Extracted data entries:
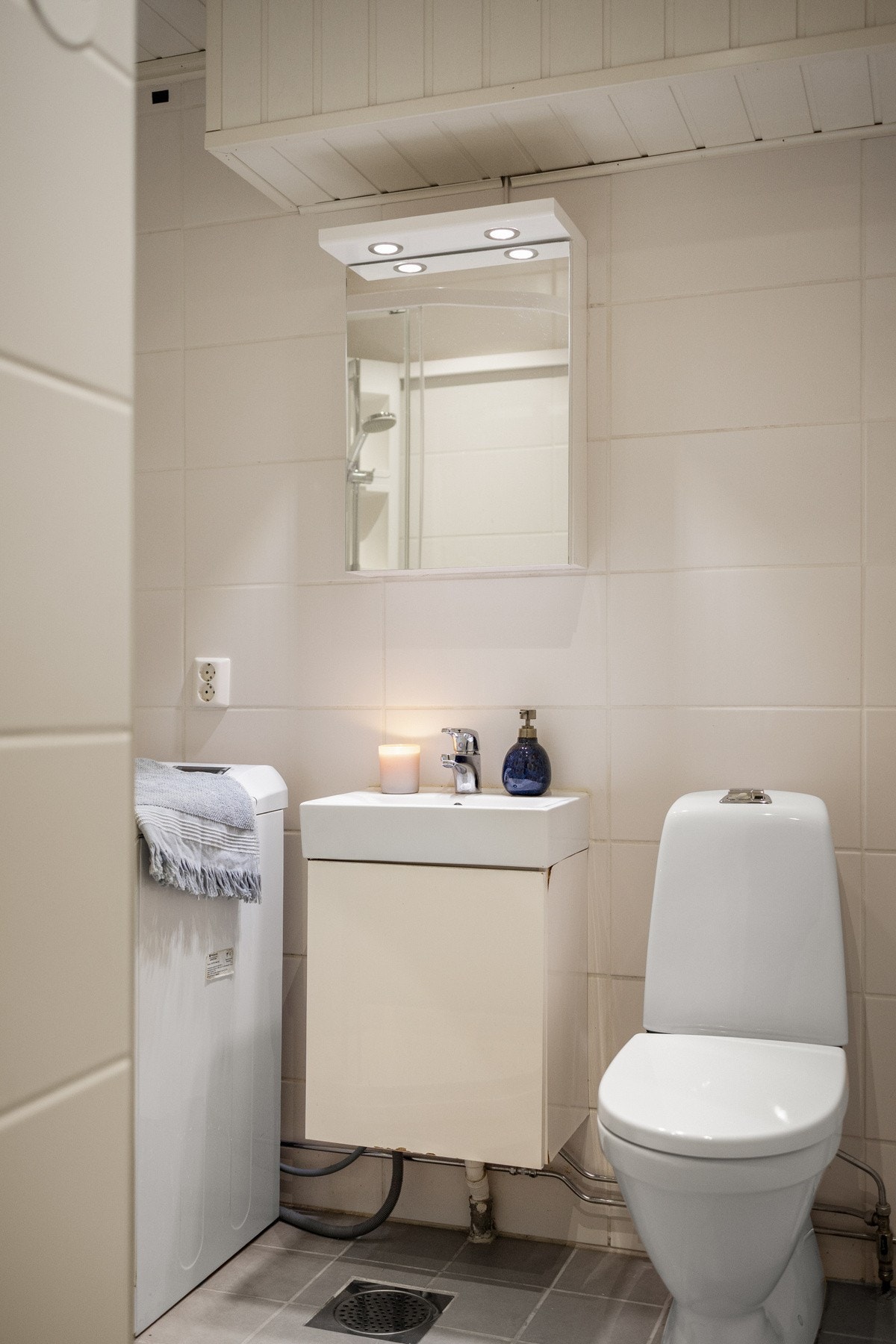 Flott baderom bestående av servant med underskap, dusjkabinett og gulvstående toalett Galleribilde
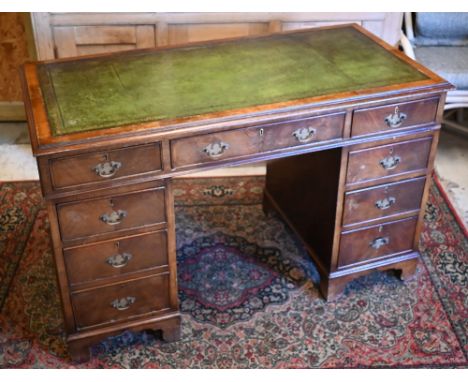 An old walnut leather top pedestal desk with an arrangement of nine drawers raised on shaped bracket feet, 122 x 62 x 77 cm h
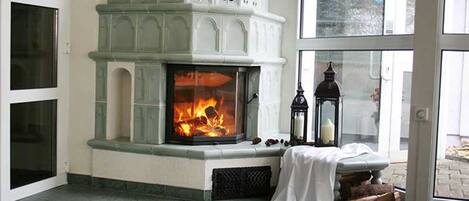 Una chimenea con fuego encendido, un banco cubierto con tela blanca y un farol.
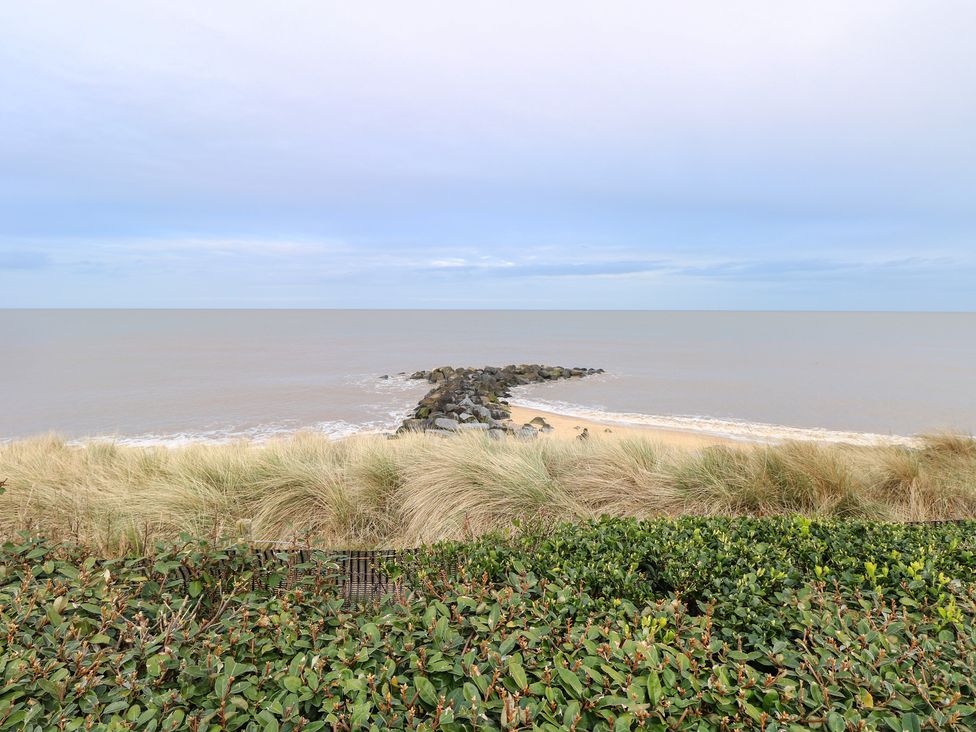 A view of the sea with rocks and sand at a coastal area in Great Yarmouth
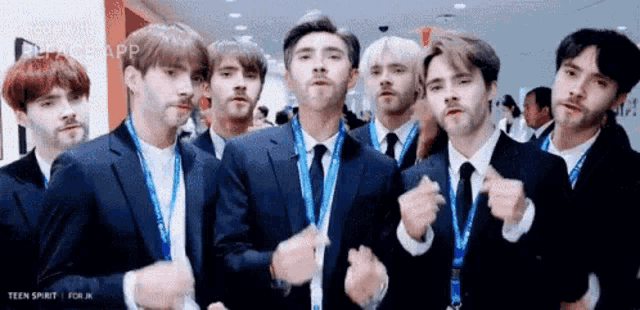 a group of young men in suits and ties are standing next to each other .
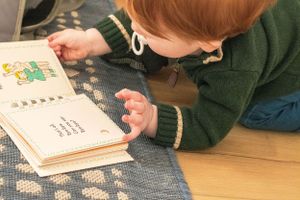 A small reader in green studies pages of a book while lying on a patterned rug.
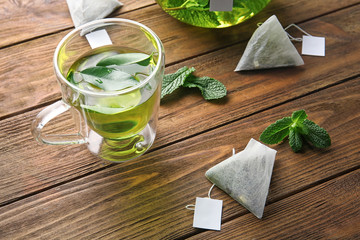Composition with teabags, mint leaves and cup on wooden table. Weight loss concept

**Assignment**:
I need the lines from the one holding "A small reader" through the last line of the entries set down exactly, with every picture left out.

**Answer to this problem**:
 A small reader in green studies pages of a book while lying on a patterned rug.
Composition with teabags, mint leaves and cup on wooden table. Weight loss concept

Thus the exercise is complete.